You’ve heard why index funds are all the rage. They help you invest passively and are usually more cost-effective than actively managed funds available in the market. If you’re wondering how to go about it, then here’s how you can build the best index fund investing strategy for you.
STEP 1- Assess your current investing situation
The first step is however to understand your overall portfolio strategy, risk, and investment objectives. You may then pick an index based on these factors.
For eg, if your current portfolio lacks any exposure to the banking sector, and you’d like to capitalise through them, then you can consider the NIFTY bank index.
Similarly, based on whatever your goals or investing interests are, you may choose a benchmark index that corresponds to them. Whether that be Nifty 50, Sensex, sectoral index of any kind, etc.
STEP 2- Choose the right fund tracking that index
Once you’ve picked an index, the next step is to look for AMCs and fund-houses that offer index funds that track it. Generally speaking, there is atleast one index fund available in the market, for every benchmark index out there.
If you’ve picked a general index like Nifty 50, you may even have more than a handful of index funds available to invest in. In such cases you may want to consider a few quick things, such as-
1. How closely does that index fund track the performance of its respective benchmark?

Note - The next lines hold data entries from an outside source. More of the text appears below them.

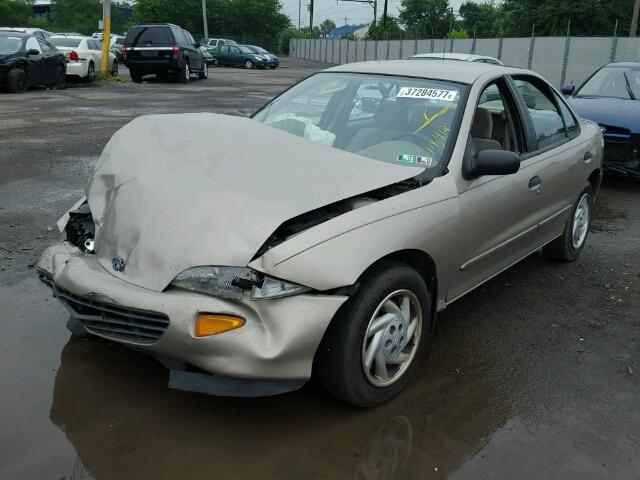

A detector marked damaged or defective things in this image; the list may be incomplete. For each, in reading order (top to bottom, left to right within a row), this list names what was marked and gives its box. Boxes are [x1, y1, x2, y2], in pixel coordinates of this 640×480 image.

damaged headlight [170, 266, 310, 300]
crumpled hood [87, 114, 422, 290]
damaged beige sedan [37, 60, 604, 404]
crumpled hood [568, 95, 640, 133]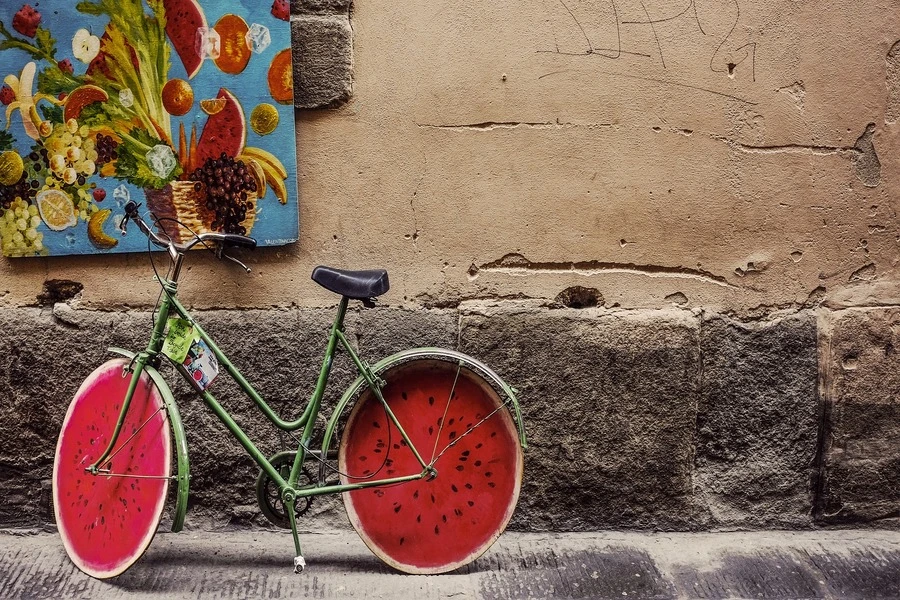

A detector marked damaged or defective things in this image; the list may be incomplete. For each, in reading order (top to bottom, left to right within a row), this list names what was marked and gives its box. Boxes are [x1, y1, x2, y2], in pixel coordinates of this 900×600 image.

chipped wall paint [1, 0, 900, 316]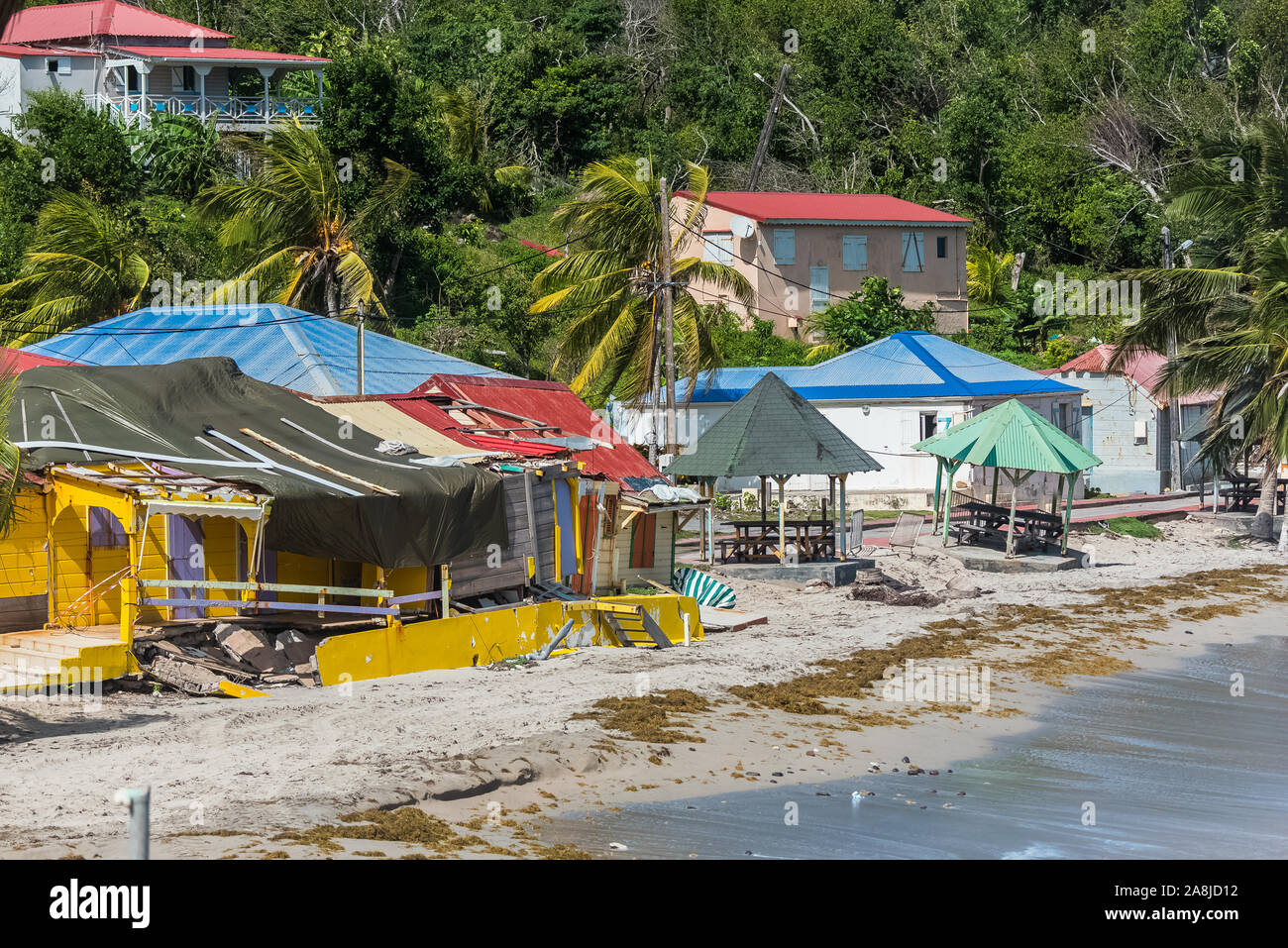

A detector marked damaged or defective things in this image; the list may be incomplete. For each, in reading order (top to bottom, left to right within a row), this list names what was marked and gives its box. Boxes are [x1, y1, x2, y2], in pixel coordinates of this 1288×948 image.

yellow damaged shack [2, 359, 701, 693]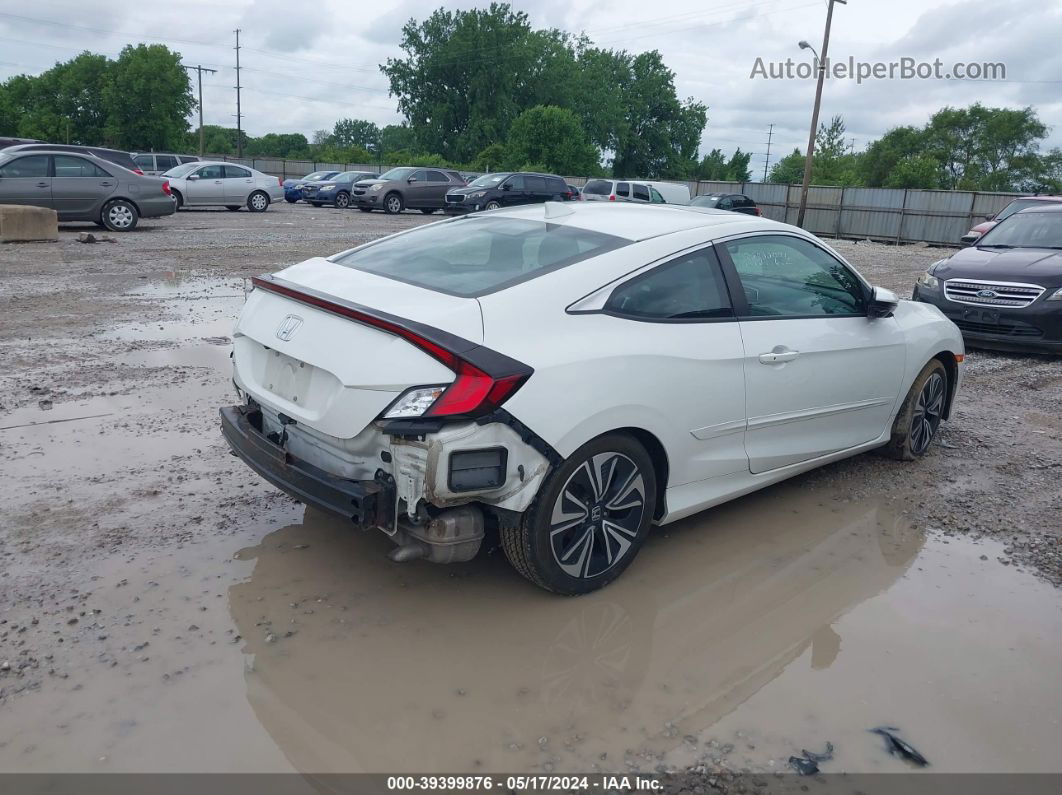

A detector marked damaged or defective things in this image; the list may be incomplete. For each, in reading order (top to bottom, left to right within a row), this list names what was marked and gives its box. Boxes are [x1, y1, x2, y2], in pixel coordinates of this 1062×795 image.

rear collision damage [224, 276, 556, 564]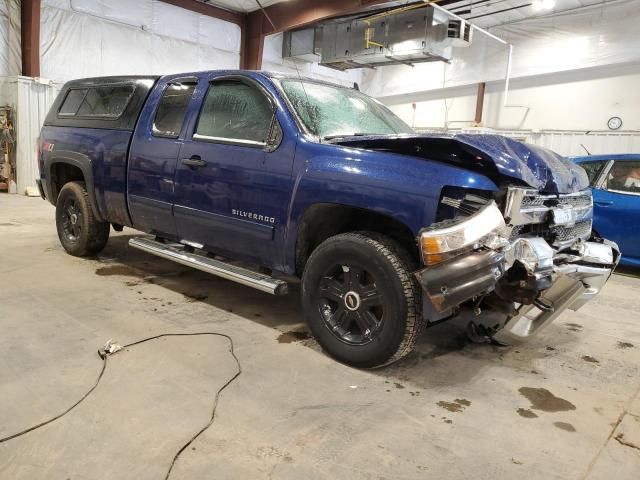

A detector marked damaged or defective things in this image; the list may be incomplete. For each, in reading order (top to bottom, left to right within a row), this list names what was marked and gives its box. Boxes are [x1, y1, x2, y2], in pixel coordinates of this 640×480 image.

crumpled hood [332, 133, 588, 193]
damaged front end [416, 188, 620, 344]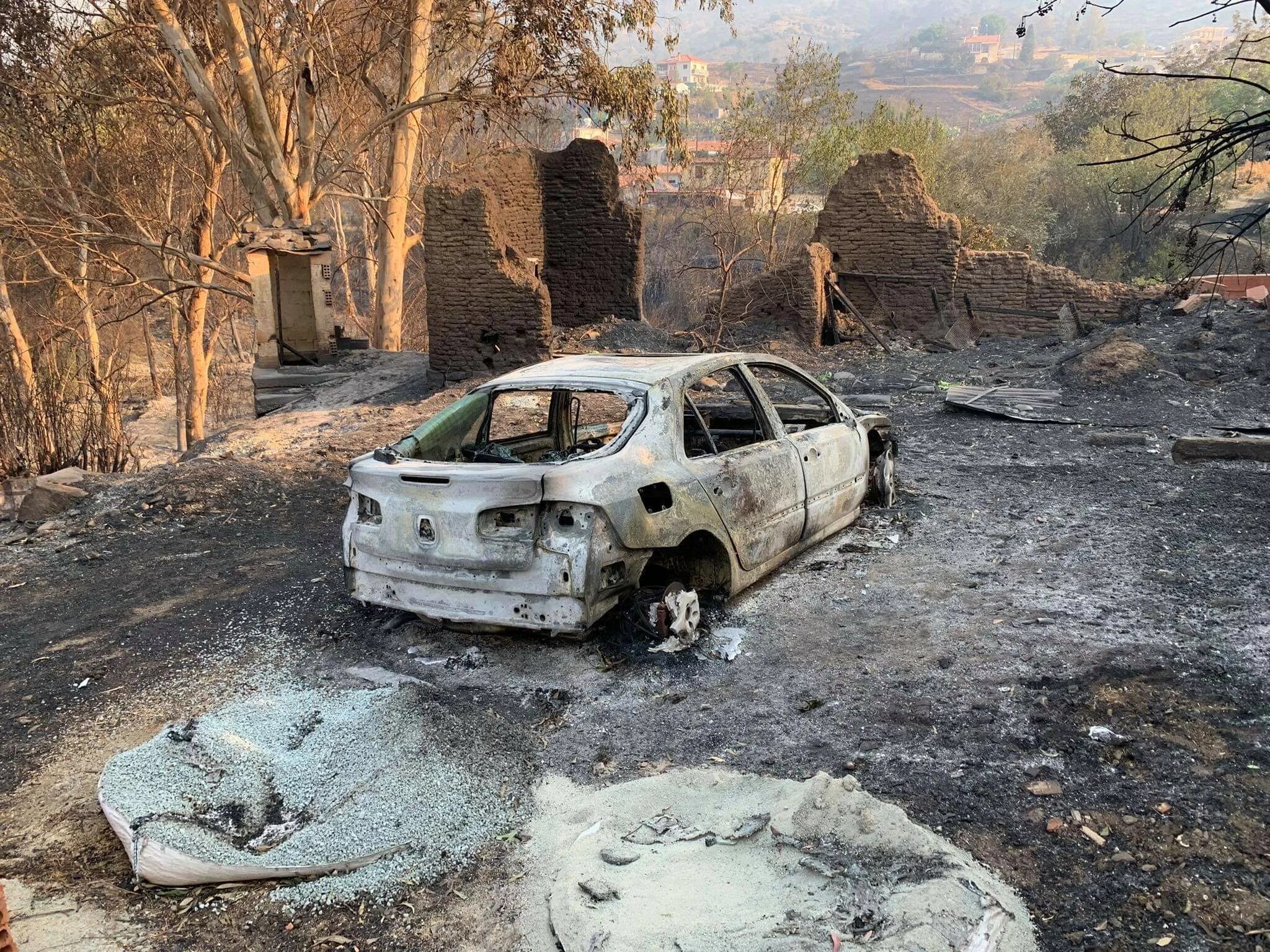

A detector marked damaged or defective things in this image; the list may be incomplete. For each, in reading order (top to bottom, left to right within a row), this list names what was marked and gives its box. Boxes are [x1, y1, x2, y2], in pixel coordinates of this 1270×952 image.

burned car shell [340, 352, 893, 635]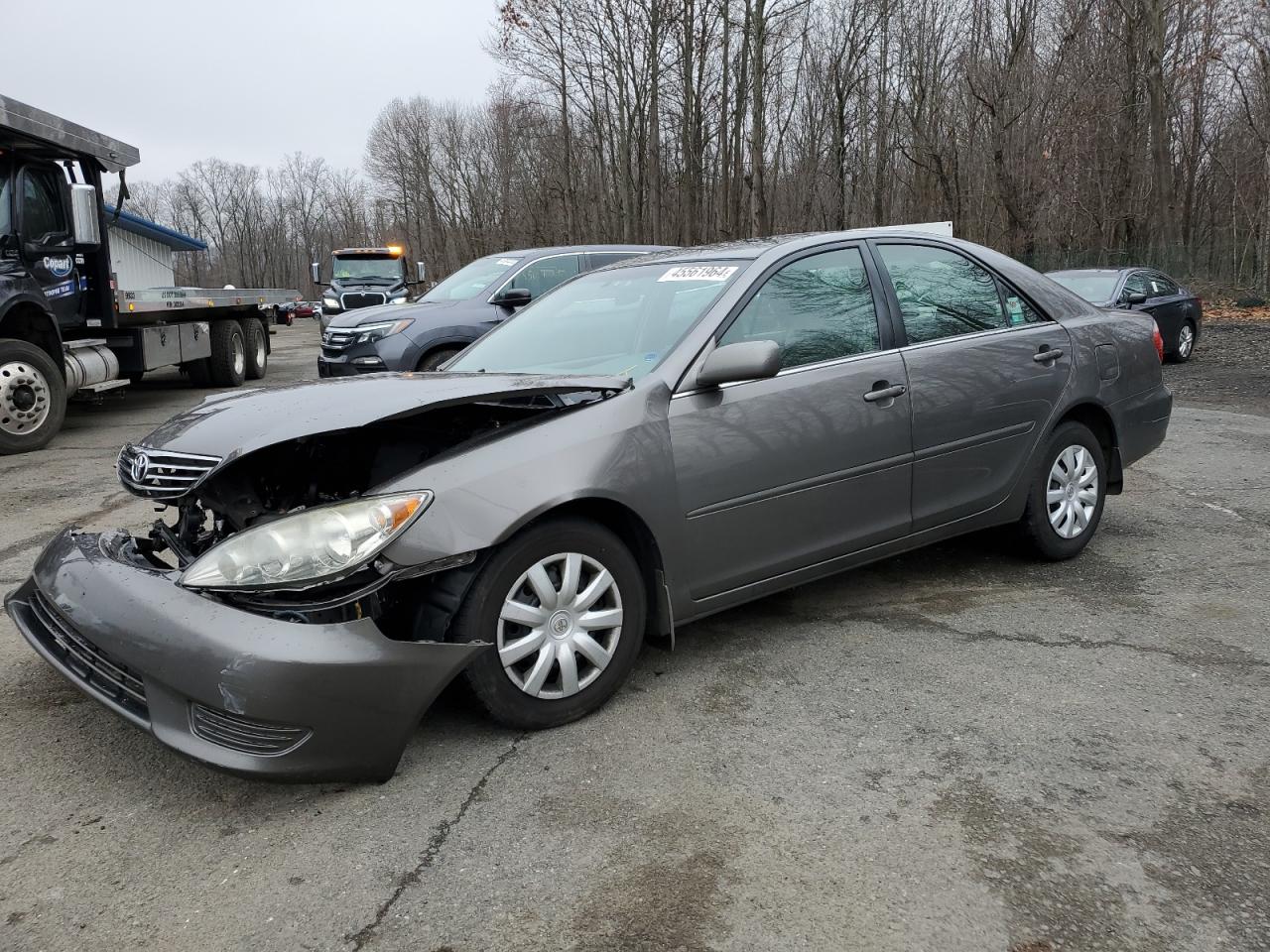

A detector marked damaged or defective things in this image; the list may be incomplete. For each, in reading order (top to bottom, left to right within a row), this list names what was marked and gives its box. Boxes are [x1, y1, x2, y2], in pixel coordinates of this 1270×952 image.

broken headlight [355, 319, 415, 345]
crumpled front hood [134, 373, 631, 460]
broken headlight [180, 492, 433, 587]
damaged gray sedan [5, 232, 1175, 781]
cracked pavement [2, 323, 1270, 948]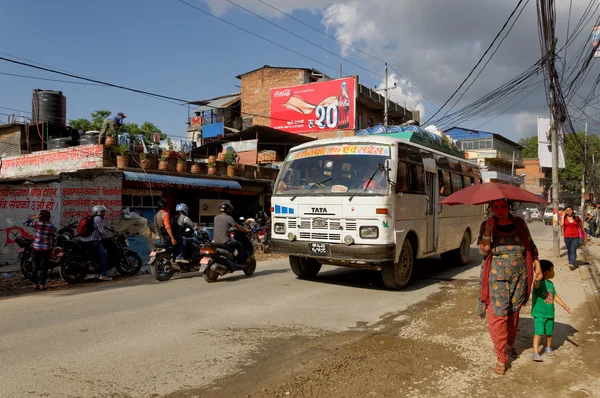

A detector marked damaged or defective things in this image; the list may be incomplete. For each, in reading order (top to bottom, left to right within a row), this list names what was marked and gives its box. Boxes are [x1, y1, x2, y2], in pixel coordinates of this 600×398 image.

2. Among the index funds available, which offers the lowest cost?
3. Are there any restrictions such as exit load, fees or taxes, that may prevent you from investing in the particular fund? You could also consider whether the same fund-house has any other index funds you might be interested in.
When you choose a goal and its tenure period at Stack, we help you cut through the hassle. Your portfolio’s, called Stacks, are a steady balance of different assets, including index funds - and the best part? Your customised strategy perfectly suits your risk levels and larger investing objectives.
STEP 3- Invest!
Once you’ve picked the right index fund for you, you can simply purchase units of the fund to get started.
If you have a brokerage account you can choose to invest through it or via an index funds app. Alternatively, you could also directly buy units from the AMC, online.
Things to keep in mind before investing in index funds
Before you can start investing, and building your index fund investing strategy, keep these factors in mind:-
1. Index funds never beat the market. Index funds only match and mimic its benchmark’s performance, if you wish to grow your wealth higher than that then an index fund may not be right for you.
2. Index funds are still risky. Index funds track their markets in through dips and peaks, so if the market witnesses a downturn, your index fund will too, especially in the short term. But their broad diversification means that the decline in some sectors may be offset by gains in other sectors and, over long-term horizons, the index typically generates better results.
3. You don't get to optimise your own strategy. Depending on the index you choose, you can end up owning some stocks you'd rather not own while missing out on others you'd prefer.
To compensate for this, always focus on building a diversified investment plan instead. Especially one that has a mix of index funds and other investments to offer greater flexibility.
If you plan on investing in index funds, it's best to consider these factors carefully.